Featuring Itzhak Perlman, Toby Perlman, Alan Alda, Amnon Weinstein, Stefan Valcuha, Billy Joel, Zubin Mehta, Pinchas Zukerman, Evgeny Kissin, Mischa Maiskey, Martha Argerich, Barack Obama, Dorothy Delay and the Klezmatics.
Directed by Alison Chernick.
Distributed by American Masters Pictures. 83 minutes. Not Rated.
It’s 6:00 a.m. and I’ve been moved to tears by a gracefully-constructed film and its maestro violinist, Itzhak Perlman.
Itzhak is a film of love and beauty; of art and its human struggle. It centers on the buoyant Itzhak Perlman and his wife, Toby – their relationship to each other, their Jewish culture and history, commitment to teaching, and appreciation of their lives.
Historically, although the mom of a symphonic percussionist, I am not in love with the violin. There are always so many of them performing and they are always in the way of me seeing my petite teen while she plays. Having said this, there is something haunting and beautiful about a well-played violin solo and there is no better soloist then the legendary Itzhak Perlman.
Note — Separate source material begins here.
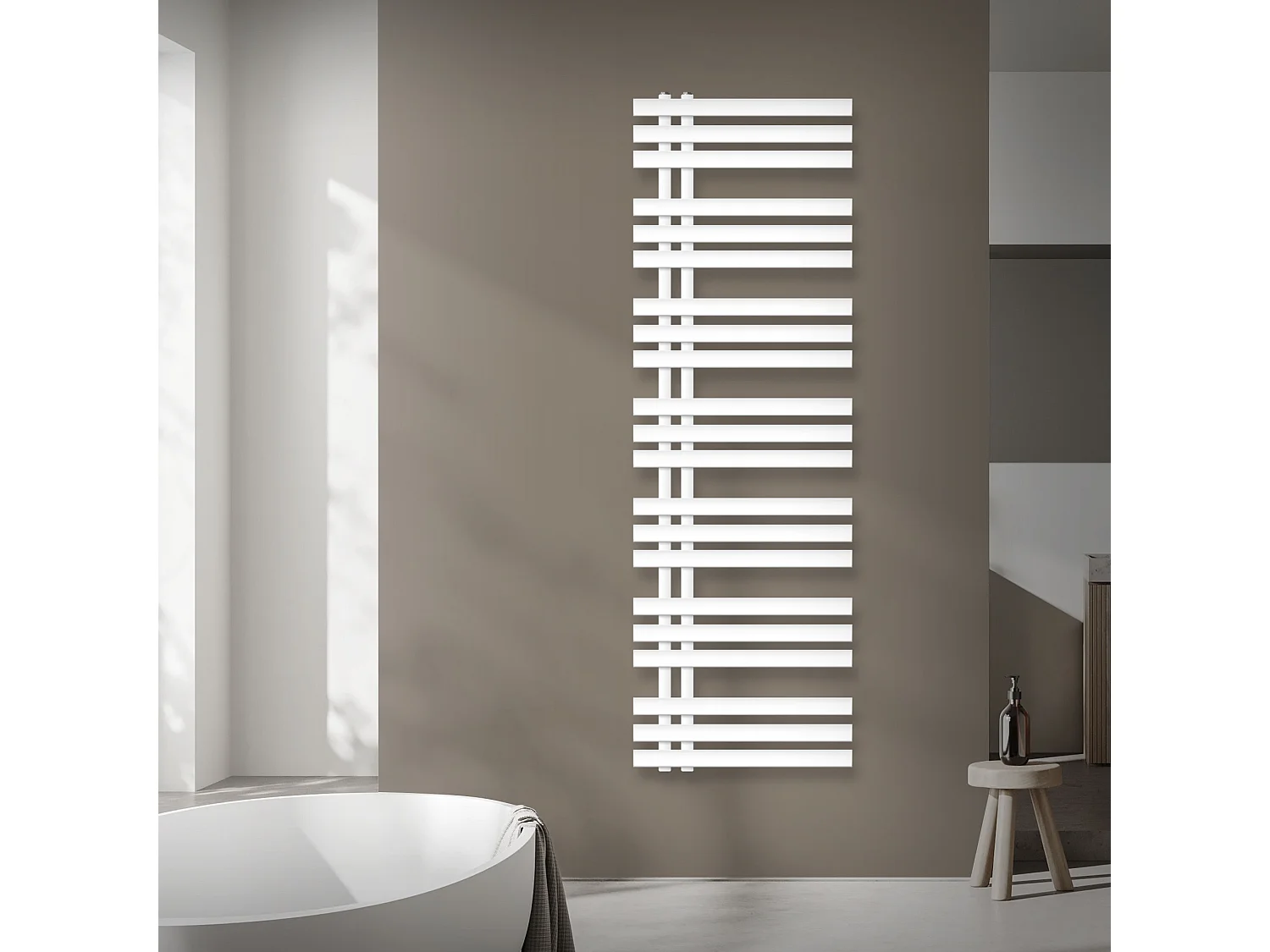 Ferro EM Radiatore Radiatore per asciugamani Radiatore per bagno Bianco 50x160cm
I’ve never had the opportunity to hear Perlman perform in person but feel like this film truly captures his spirit. To watch this master perform is a work of art in itself. He doesn’t fit the mold of a master violinist. Perlman is squishy and goofy, focused yet fun. He does not perform or travel on the Jewish Sabbath and spends his Shabbat with his family. He has dedicated his life to not only performing, but to teaching, finding that teaching has made him the performer that he is today because as a teacher, he is listening at a different level.
Itzhak has all of the touch points that I have come to expect in a biographical documentary: history, struggles, and accolades. The film has the added bonus of an incredible soundtrack made up of its subject’s own performances, and the joy of a man who has known struggle and overcome.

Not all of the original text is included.